_PROVIDED MATERIAL_
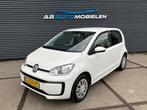 Volkswagen Up! 1.0 BMT move up! 5 DEURS/ BLUETOOTH/ LED VERL, Voorwielaandrijving, 4 zetels, Gebruikt, Wit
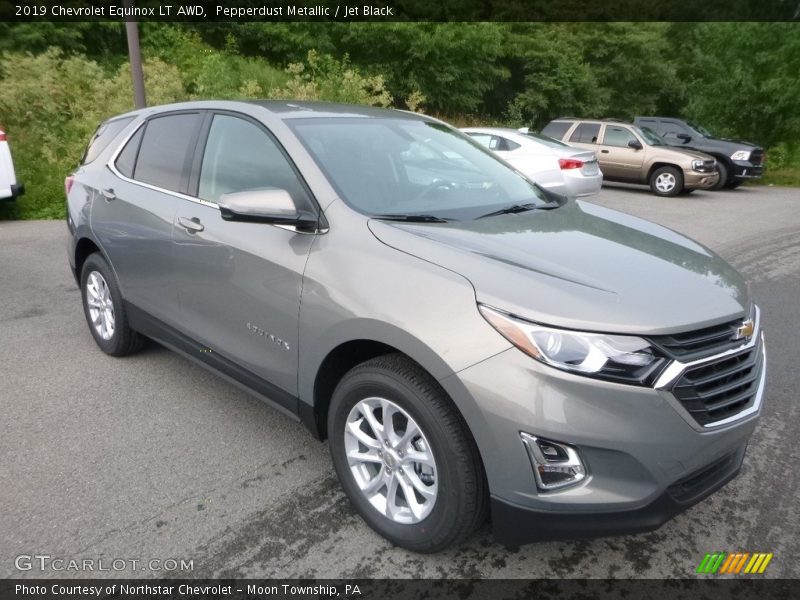 Front 3/4 View of 2019 Equinox LT AWD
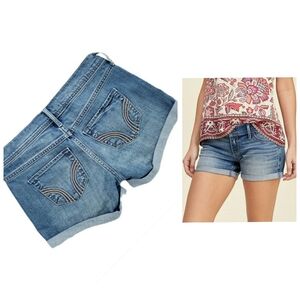 New HOLLISTER Midi Denim Shorts Longest Length Cuffed Hem in Blue SZ 1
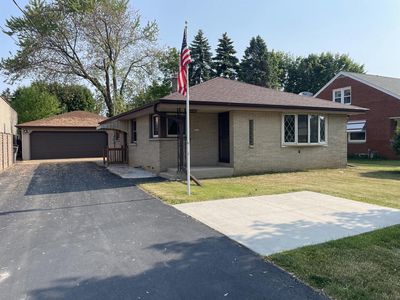 3610 East College AVENUE, Cudahy, WI, 53110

_WHAT YOU NEED TO DO_
Could you give the listing again exactly, minus its pictures?

_TASK SOLUTION_
 Volkswagen Up! 1.0 BMT move up! 5 DEURS/ BLUETOOTH/ LED VERL, Voorwielaandrijving, 4 zetels, Gebruikt, Wit
 Front 3/4 View of 2019 Equinox LT AWD
 New HOLLISTER Midi Denim Shorts Longest Length Cuffed Hem in Blue SZ 1
 3610 East College AVENUE, Cudahy, WI, 53110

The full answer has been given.